White House Insists: No Ground Forces in Iraq

Despite comments by General Dempsey, White House spokesman insists the U.S. will not deploy ground forces against IS in Iraq.

Ben Ariel,

Press Secretary Josh Earnest
Press Secretary Josh Earnest
Reuters

The White House insisted on Tuesday that the U.S. would not deploy ground forces against the Islamic State (ISIS) in Iraq, despite comments otherwise by the Chairman of the Joint Chiefs of Staff Gen. Martin Dempsey.

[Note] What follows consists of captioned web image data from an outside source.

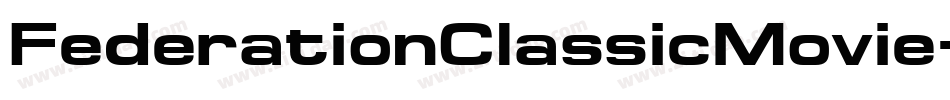 FederationClassicMovie字体转换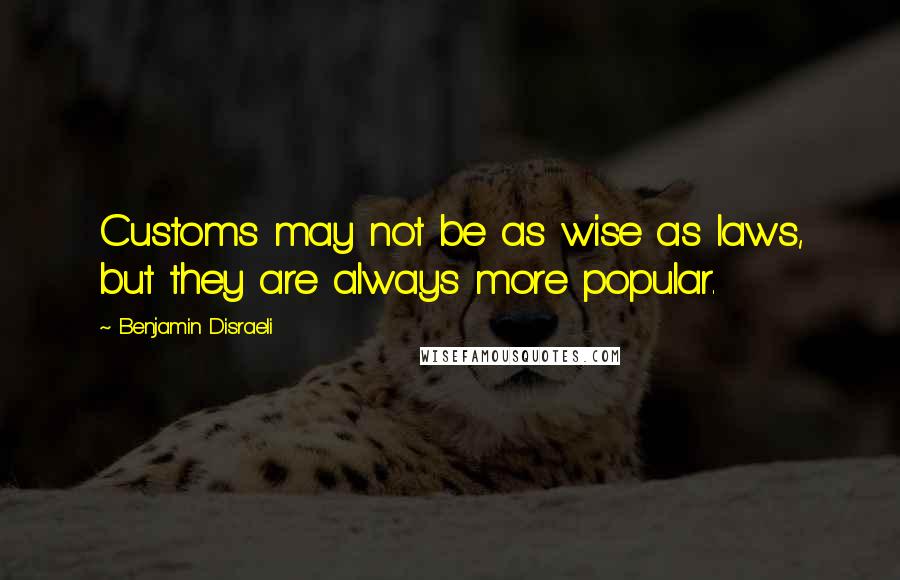 Benjamin Disraeli Quotes: Customs may not be as wise as laws, but they are always more popular.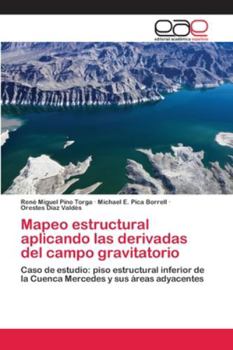 Paperback Mapeo estructural aplicando las derivadas del campo gravitatorio [Spanish] Book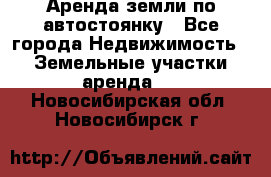 Аренда земли по автостоянку - Все города Недвижимость » Земельные участки аренда   . Новосибирская обл.,Новосибирск г.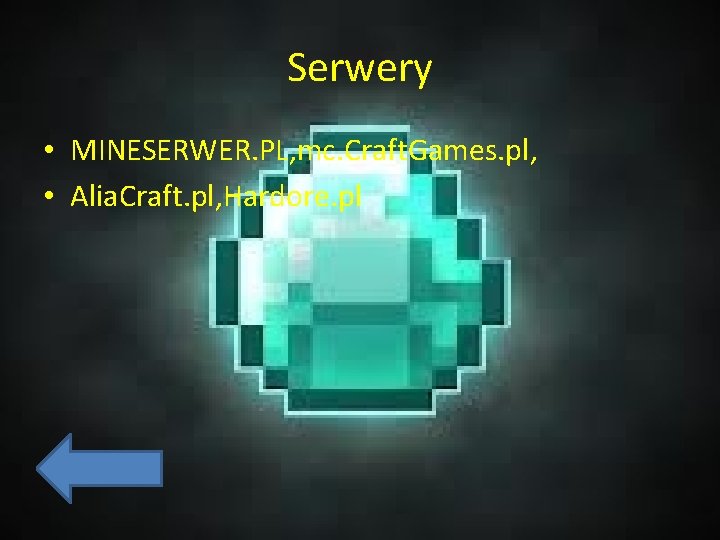 Serwery • MINESERWER. PL, mc. Craft. Games. pl, • Alia. Craft. pl, Hardore. pl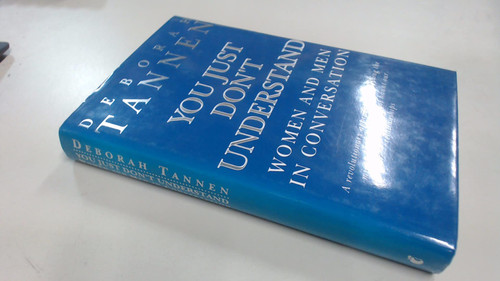 Deborah Tannen / You Just Don't Understand: (Hardback)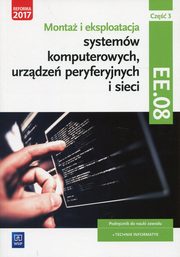 Monta i eksploatacja systemw komputerowych, urzdze peryferyjnych i sieci Kwalifikacja EE. 08 Podrcznik Cz 3, Pytel Krzysztof, Osetek Sylwia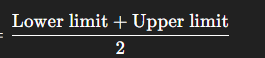 <ol><li><p>Lower&nbsp;limit plus upper&nbsp;limit​</p></li><li><p>Divided by two</p></li></ol><p></p>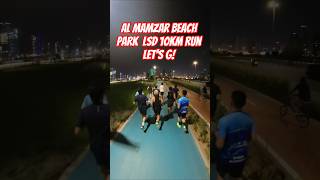 Saturday Night LSD Run - 10KM Easy Run &amp; Dinner by the Beac #fitkadadxb #shorts #almamzarbeachpark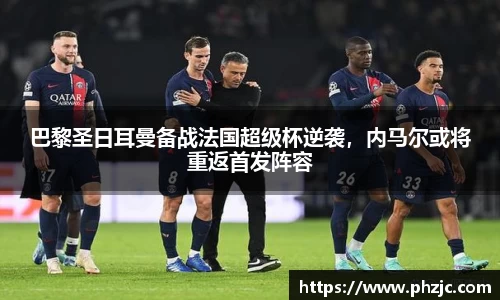 巴黎圣日耳曼备战法国超级杯逆袭，内马尔或将重返首发阵容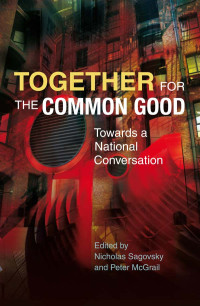 Nicholas Sagovsky; & Nicholas Sagovsky — Together for the Common Good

Dempsey said earlier Tuesday he recommends deploying ground forces against IS in Iraq

"My view at this point is that this coalition is the appropriate way forward. ...But if it fails...then I of course would go back to the president and make a recommendation that may include the use of U.S. military ground forces," said Dempsey.

Those comments, however, were in contradiction to what President Barack Obama said last week in his speech about IS. In that speech, Obama said he was sending military advisers to aid local Iraqi and Kurdish forces, but emphasized that "these American forces will not have a combat mission - we will not get dragged into another ground war in Iraq."

Later Tuesday, during a press conference en route to Atlanta, White House Press Secretary Josh Earnest was asked about Dempsey’s comments and said that Dempsey was referring to a “hypothetical scenario”.

“I think, as was clear from General Dempsey’s remarks, that he was referring to a hypothetical scenario in which there might be a future situation in which he might make a tactical recommendation to the President as it relates to the use of ground troops,” he said.

“It’s the responsibility of the President’s military advisers to plan and consider all the wide range of contingencies. It’s also the responsibility of the Commander-in-Chief to set out a clear policy. And the President has been clear about what that policy is. He reiterated it on a number of occasions; most recently, I believe in his address to the nation on Wednesday night, which is that the President does not believe that it would be in the best interest of our national security to deploy American ground troops in a combat role in Iraq and Syria. That policy has not changed,” declared Earnest.

Earnest later clarified that the president has “deployed American servicemen and women — a limited number of them —to serve in an advise-and-assist capacity” but that he “will not deploy ground troops in a combat role into Iraq or Syria.”